Mais ce qui nous aide le plus à nous plonger dans leurs sentiments et à cerner leurs états d'âme, c'est la métaphore maritime présente tout au long du récit, qui nous retranscrit notamment ce qui se passe dans la tête de Tsukiko. Les créatures marines présentes varient en fonction de ses émotions, créant une palette variée d'animaux marins allant des carpes aux méduses en passant par des squelettes de poissons pour exprimer des émotions plus négatives. En plus de ça, l'eau elle aussi s'agite, et on l'observe tantôt très calme, tantôt changée en un véritable raz-de-marée submergeant notre héroïne, qui vient d'ailleurs compléter cette allégorie lyrique en y incarnant la petite sirène. Parfois contradictoires, toujours très symboliques, ces représentations nous laissent admiratifs tant par leur maîtrise technique que par leur sens et la profondeur qu'elles ajoutent au scénario.
En plus de nous permettre d'apprécier la dimension émotionnelle du récit, cette métaphore permet à l'autrice de nous offrir des planches sublimes, très détaillées en réalisme, à la mise en scène maîtrisée qui donne parfois l'impression d'observer un tableau plus qu'une page de manga. Cette narration imagée a quelque chose qui peut nous rappeler le style de certains autres mangakas - la variété des allégories en moins peut-être.
Le trait de
Goumoto, de façon plus globale, est très expressif et étrangement harmonieux malgré un dessin très opposé des yeux des protagonistes, auxquels l'autrice porte d'ailleurs une grande attention. Ceux-ci influencent beaucoup la façon dont nous percevons les personnages, et leur donnent à chacune leur propre style. Leur chara-design est ainsi une totale réussite, et on se retrouve convaincus autant par la beauté froide de Tsukiko que par l'apparence plus enjouée de Aya, qui nous la rend d'ailleurs un peu plus attachante. Le coup de crayon de la mangaka s'avère finalement plus expressif que ce à quoi je m'attendais, même du côté de Tsukiko, qui a pourtant du mal à extérioriser ses émotions. En somme,
Plongée dans la nuit est un véritable régal visuel : c'est beau, c'est poétique, et
Goumoto parvient à créer une ambiance tout à fait propice à la complexité sentimentale de l'histoire.

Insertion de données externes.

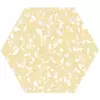 Codicer95 Venice Yellow Hex25 22x25x1cm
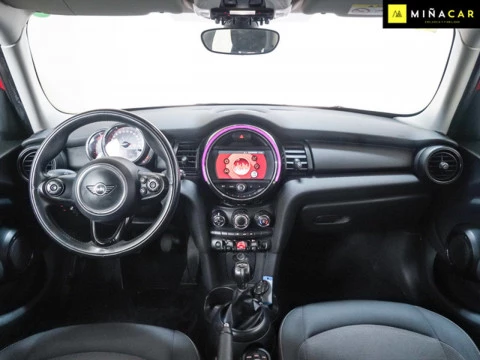MINI ONE D 5 PUERTAS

Tsukiko, la "fleur inaccessible" jalousée par les unes et courtisée par les autres ; Aya, la passionnée de natation qui manque trop de tact pour parvenir à se faire réellement apprécier : toutes deux vont nouer une relation complexe, entre amitié et indifférence, et au-delà des aprioris.
Plongée dans la nuit, c'est la rencontre des deux mondes de ces jeunes lycéennes, spéciales chacune à leur façon. Si les choses sont censées être simples en apparence justement parce qu'elles ne sont pas proches, elles vont se complexifier au fur et à mesure que l'histoire avance et qu'elles passent du temps ensemble au point de voir naître des rumeurs à leur sujet. Pour autant, il n'est jamais là question de sentiments ; d'intérêt pour l'autre, dans une certaine mesure, mais d'amour clairement pas. Toutes deux s'avèrent en fait être peu douées pour "parler aux gens", l'une étant trop froide, l'autre trop directe, et de cela va forcément naître des incompréhensions entre elles. Une certaine beauté émane néanmoins de la pureté de leur relation, et du sentiment de liberté que dégage Aya, qui va déteindre sur sa camarade de la plus positive des façons.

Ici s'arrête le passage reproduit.